FIELD OF THE INVENTION

The invention generally relates to a detector module for a detector for the detection of ionizing radiation. In particular, it is directed to one for use in a computer tomography machine, with a printed circuit board and with an array. The array may be firmly connected to the printed circuit board and may have a plurality of radiation-electrical transducer elements for the conversion of incident electromagnetic radiation into an electrical output signal.

BACKGROUND OF THE INVENTION

Detectors—constructed in a pixel layout—or detector modules are used in particular for imaging with ionizing radiation, in particular with X-radiation. A comparatively large array for each detector module then needs to be applied to a printed circuit board, which is used for delivering the electrical output signals obtained by the array from the array to an external evaluation instrument. The printed circuit board is also used for fastening the array.
Usually, the arrays are adhesively bonded to their associated printed circuit boards, in which case temperatures of between 80° C. and 150° C. may occur when curing. Undesirable bending or twisting of the printed circuit board may occur after curing, in particular if a standard printed circuit board is being used for this purpose, for example a printed circuit board of the FR-4 type.
One possible remedy might consist in applying a plate made of the same material as the array to the opposite side of the printed circuit board from the array. This would necessitate substantially simultaneous application of both the array and said additional plate, however, which is difficult in terms of production technology. The opposing plate can furthermore lead to undesirable extra costs.
Special thermally stable HTCC printed circuit boards are also known, but these are not viable for many applications owing to their high price.

SUMMARY OF THE INVENTION

It is an object of an embodiment of the present invention to provide a detector module in which the array can be applied to the printed circuit board inexpensively but without significant risk of twisting or bending.
In relation to a detector, this object may be achieved according to an embodiment of the invention in that the printed circuit board has a recess in which a plate firmly connected to the printed circuit board is placed, with the plate—indirectly or directly—carrying the array.
In the detector module according to an embodiment of the invention, the plate can be made of a different advantageous material from the printed circuit board, and can thereby be matched to the specific properties of the array which is to be applied in a particular region of the printed circuit board. On the one hand, the opportunity is available to match the plate thermally to the array. On the other hand, by fitting the plate in the printed circuit board, it is possible to locally produce greater planarity, which is advantageous for the application of the array, than could be achieved with a low-cost printed circuit board without a recess.
Preferably, the array is—indirectly or directly—flatly connected, in particular via its entire side that faces away from the incident electromagnetic radiation, to the plate.
According to a particularly preferred configuration, the plate is thermally matched to the array so that the thermal coefficient of longitudinal expansion of the plate is greater or smaller than the corresponding value of the array by less than a factor of 3, preferably less than a factor of 2, in particular less than 50%. This applies in particular to the linear thermal coefficient of longitudinal expansion at room temperature.
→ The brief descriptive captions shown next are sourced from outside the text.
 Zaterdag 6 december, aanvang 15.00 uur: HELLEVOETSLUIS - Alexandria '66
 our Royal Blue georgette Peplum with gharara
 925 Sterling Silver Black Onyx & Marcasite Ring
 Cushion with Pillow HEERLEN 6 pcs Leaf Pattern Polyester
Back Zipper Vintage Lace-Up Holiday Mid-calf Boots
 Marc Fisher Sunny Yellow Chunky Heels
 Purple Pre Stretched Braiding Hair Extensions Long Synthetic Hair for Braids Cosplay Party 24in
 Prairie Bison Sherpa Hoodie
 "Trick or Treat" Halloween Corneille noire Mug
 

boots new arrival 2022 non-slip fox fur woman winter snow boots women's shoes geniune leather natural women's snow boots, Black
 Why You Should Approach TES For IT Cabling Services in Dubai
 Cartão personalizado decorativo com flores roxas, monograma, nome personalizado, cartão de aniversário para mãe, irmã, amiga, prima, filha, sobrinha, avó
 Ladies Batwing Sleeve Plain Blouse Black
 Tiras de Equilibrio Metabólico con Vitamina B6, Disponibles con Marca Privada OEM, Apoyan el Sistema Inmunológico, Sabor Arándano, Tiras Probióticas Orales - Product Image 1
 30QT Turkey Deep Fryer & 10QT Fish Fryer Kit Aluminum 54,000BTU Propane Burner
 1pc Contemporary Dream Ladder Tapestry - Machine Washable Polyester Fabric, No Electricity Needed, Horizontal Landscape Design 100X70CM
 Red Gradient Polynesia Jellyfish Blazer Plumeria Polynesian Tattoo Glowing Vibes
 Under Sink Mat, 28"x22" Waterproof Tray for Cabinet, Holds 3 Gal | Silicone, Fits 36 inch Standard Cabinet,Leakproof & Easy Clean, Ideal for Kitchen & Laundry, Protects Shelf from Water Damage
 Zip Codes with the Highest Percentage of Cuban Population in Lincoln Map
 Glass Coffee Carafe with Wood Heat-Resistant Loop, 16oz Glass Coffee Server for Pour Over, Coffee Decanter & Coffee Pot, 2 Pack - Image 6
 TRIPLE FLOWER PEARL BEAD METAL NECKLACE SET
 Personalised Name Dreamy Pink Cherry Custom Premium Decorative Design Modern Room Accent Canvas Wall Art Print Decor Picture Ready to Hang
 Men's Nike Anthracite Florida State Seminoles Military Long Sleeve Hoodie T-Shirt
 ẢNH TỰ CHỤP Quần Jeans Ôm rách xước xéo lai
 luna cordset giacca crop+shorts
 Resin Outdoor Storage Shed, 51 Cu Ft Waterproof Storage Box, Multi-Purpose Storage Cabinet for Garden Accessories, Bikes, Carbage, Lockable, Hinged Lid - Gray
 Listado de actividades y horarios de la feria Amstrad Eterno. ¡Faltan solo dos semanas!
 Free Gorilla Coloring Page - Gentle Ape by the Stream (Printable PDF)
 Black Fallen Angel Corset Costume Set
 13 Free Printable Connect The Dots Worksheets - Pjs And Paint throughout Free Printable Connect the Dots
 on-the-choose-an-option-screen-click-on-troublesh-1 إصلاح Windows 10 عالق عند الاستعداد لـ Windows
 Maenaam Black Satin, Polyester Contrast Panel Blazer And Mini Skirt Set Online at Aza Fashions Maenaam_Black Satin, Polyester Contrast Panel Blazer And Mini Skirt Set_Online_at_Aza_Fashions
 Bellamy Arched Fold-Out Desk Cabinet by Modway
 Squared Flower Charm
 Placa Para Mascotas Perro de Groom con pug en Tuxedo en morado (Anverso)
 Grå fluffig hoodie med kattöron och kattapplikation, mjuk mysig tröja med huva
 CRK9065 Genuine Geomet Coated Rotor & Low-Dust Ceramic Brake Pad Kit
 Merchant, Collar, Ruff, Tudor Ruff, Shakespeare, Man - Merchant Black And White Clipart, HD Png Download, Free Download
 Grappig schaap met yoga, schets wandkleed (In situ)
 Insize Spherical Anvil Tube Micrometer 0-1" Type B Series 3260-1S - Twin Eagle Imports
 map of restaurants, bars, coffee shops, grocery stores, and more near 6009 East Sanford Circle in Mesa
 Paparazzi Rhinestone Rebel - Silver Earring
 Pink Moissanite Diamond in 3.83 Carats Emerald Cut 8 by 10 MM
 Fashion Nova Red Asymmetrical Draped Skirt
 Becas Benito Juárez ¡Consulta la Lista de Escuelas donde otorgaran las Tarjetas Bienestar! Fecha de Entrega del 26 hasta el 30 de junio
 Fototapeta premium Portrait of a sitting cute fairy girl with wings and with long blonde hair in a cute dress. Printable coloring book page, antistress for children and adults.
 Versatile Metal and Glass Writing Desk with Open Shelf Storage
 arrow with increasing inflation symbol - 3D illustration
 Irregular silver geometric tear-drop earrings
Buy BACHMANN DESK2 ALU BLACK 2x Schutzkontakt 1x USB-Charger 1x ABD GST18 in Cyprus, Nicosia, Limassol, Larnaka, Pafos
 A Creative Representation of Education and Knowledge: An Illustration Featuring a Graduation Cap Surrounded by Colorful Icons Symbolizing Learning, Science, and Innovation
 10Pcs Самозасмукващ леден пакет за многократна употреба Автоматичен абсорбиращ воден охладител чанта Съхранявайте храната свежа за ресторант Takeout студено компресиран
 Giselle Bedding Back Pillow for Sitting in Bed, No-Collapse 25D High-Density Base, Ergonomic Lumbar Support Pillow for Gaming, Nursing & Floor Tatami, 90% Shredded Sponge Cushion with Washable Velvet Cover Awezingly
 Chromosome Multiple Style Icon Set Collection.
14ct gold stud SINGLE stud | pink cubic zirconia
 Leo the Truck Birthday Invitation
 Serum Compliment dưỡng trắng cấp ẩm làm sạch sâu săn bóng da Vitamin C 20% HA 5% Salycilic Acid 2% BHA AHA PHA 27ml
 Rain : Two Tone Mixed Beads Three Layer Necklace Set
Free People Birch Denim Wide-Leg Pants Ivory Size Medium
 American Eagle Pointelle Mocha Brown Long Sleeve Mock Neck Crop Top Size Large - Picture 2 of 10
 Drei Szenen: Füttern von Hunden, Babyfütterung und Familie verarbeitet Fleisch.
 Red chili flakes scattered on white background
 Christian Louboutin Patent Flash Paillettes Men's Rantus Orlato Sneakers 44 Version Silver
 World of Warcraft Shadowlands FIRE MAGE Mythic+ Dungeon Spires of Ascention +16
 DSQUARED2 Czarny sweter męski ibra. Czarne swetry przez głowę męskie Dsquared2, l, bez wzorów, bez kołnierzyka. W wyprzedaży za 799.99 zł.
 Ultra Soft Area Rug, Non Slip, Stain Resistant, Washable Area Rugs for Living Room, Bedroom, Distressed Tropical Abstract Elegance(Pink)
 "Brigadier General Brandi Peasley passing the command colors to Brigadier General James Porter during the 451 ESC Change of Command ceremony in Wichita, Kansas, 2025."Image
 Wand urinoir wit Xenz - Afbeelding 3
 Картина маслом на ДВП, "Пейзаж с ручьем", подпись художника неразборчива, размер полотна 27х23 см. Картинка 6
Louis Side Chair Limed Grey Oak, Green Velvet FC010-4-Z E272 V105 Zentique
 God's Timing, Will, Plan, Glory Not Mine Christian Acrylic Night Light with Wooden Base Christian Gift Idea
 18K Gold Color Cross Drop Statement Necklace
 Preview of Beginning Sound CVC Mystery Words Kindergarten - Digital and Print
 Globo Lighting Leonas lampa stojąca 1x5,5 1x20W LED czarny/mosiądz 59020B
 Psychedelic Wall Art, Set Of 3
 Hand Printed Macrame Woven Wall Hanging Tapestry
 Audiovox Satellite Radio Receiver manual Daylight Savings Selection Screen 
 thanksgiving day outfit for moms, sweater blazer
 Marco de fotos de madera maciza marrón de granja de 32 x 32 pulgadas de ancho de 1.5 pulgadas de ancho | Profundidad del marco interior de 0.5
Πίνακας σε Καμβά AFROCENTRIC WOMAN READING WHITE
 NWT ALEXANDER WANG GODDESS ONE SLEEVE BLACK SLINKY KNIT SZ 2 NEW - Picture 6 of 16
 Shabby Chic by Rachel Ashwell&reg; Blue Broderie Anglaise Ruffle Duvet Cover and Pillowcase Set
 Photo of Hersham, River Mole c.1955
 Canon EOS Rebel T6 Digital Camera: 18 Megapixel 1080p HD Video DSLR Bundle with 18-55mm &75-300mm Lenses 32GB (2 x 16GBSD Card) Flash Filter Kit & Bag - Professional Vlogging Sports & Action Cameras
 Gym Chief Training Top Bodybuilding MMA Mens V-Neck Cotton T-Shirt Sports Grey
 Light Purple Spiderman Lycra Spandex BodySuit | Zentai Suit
Bending can be reliably avoided with such a configuration when applying and curing the adhesive used for fastening the array, and increased thermal stability is likewise achieved during operation of the detector module.
The detector module may be used both in a scintillator-photodetector combination and in an array that converts ionizing radiation directly into electrical signals, in particular a semiconductor array. In the former case, the array is preferably a photodetector array, which detects the electromagnetic radiation as light quanta generated by the ionizing radiation in a scintillator layer. In the latter case, the ionizing radiation is identical to the electromagnetic radiation, which the array converts into the electrical output signal.
The array is preferably designed as a photodetector array based on silicon. Both photodiode arrays and CCD arrays may be employed.
The plate and the array are preferably adhesively bonded to each other.
According to a more particularly preferred configuration, the plate is made entirely or predominantly of ceramic, preferably of aluminum oxide, or entirely or predominantly of glass. The further potential advantages of the plate which is to be placed in the recess can be exploited in a particularly straightforward way with such a configuration. This is because plates made of ceramic or glass are particularly inexpensive and easy to produce with high planarity, which greatly facilitates the fastening or adhesive bonding of the array.
The recess is also preferably designed as a groove. As an alternative, it may also be designed as a through-opening in the printed circuit board.
It is particularly advantageous to place the plate in the recess so that it lies flush with the printed circuit board. Like a procedure in which the plate is placed on the printed circuit board without providing a recess and the array is applied on top, this configuration has the advantage that the array has its surface at only a small distance from the upper side of the printed circuit board, which significantly facilitates application of bonding wires.

BRIEF DESCRIPTION OF THE DRAWINGS

An exemplary embodiment of a detector module and of a detector will be explained hereafter in more detail, referring to exemplary embodiments thereof with reference to FIGS. 1 and 2, in which:
FIG. 1 shows a detector module according to the invention in a longitudinal section, and
FIG. 2 shows a detector including a plurality of detector modules according to FIG. 1 in a plan view from the direction of the ionizing radiation.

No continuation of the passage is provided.